* EXERCISE GOAL:
In the records that follow, find the line containing "Arriendo casa nueva San Ramón, Coquimbo" and the line containing "Хорнер: У нас", then transcribe both and every line between them exactly, omitting pictures.

* SUPPLIED RECORDS:
================================

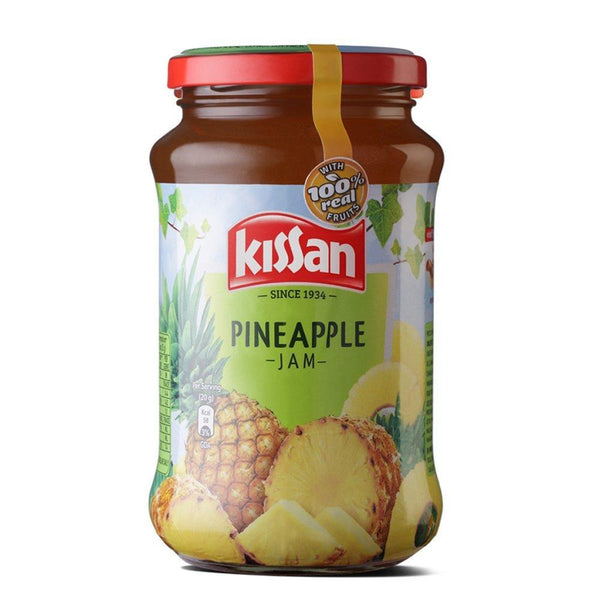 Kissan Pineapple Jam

================================

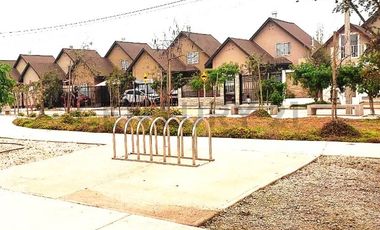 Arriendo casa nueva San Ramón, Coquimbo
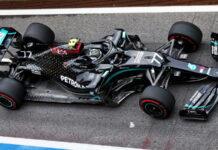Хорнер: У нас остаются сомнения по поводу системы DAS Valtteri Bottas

================================

* WRITTEN ANSWER:
 Arriendo casa nueva San Ramón, Coquimbo
Хорнер: У нас остаются сомнения по поводу системы DAS Valtteri Bottas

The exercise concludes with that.